◆ **TASK DESCRIPTION**
Once the line with "2020 Porsche Macan Base" is found, repeat it and all later lines exactly through the end of the listing below, with the pictures left out.
═════ PROVIDED DATA
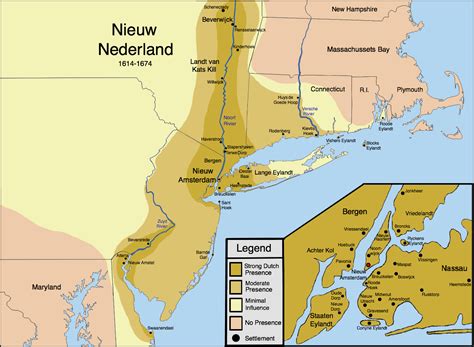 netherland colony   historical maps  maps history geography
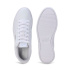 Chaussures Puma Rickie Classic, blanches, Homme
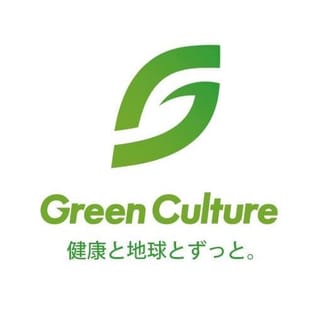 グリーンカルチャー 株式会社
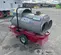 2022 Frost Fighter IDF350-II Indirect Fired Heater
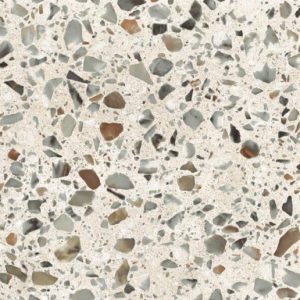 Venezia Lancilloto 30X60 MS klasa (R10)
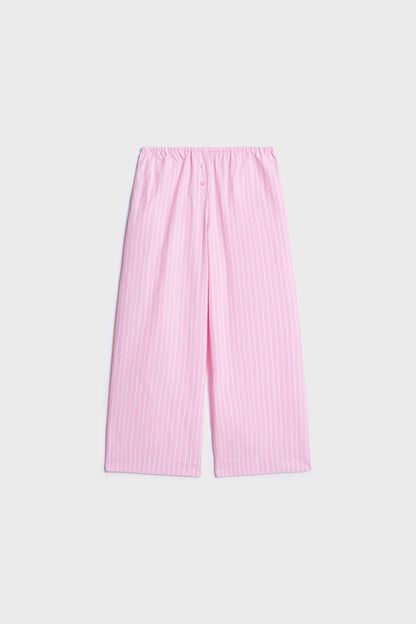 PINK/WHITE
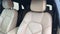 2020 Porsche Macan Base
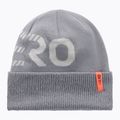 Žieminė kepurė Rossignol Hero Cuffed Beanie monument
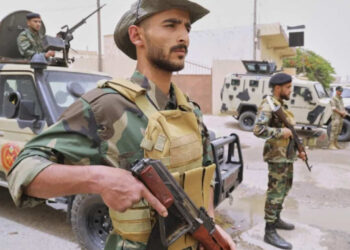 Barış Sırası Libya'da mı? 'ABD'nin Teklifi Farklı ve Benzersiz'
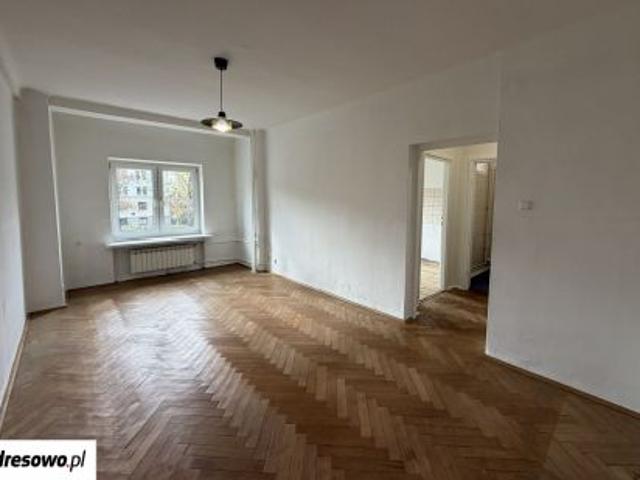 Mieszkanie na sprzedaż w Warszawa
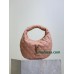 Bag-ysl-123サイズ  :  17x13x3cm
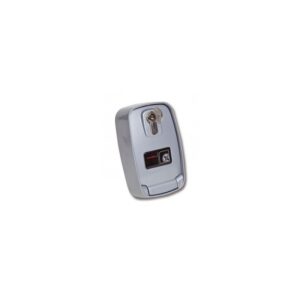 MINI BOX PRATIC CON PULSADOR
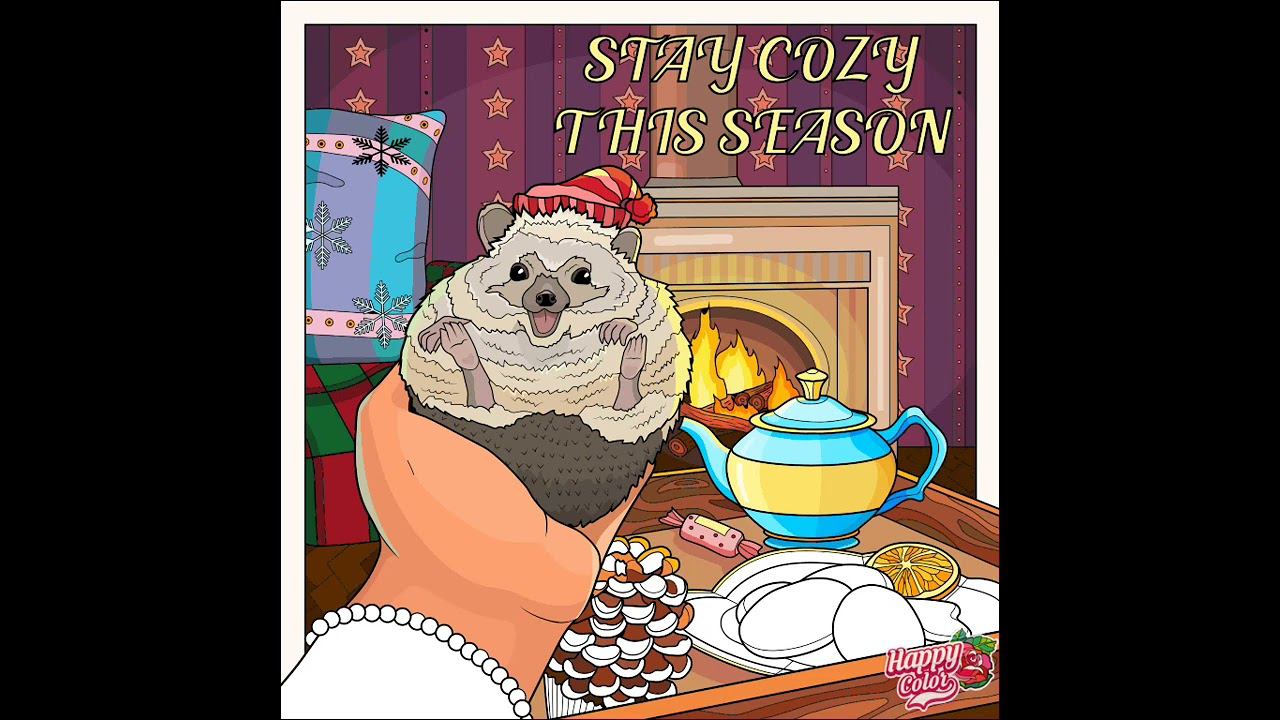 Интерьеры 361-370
══════════
◆ **FINAL ANSWER**
 2020 Porsche Macan Base
 Žieminė kepurė Rossignol Hero Cuffed Beanie monument
 Barış Sırası Libya'da mı? 'ABD'nin Teklifi Farklı ve Benzersiz'
 Mieszkanie na sprzedaż w Warszawa
 Bag-ysl-123サイズ  :  17x13x3cm
 MINI BOX PRATIC CON PULSADOR
 Интерьеры 361-370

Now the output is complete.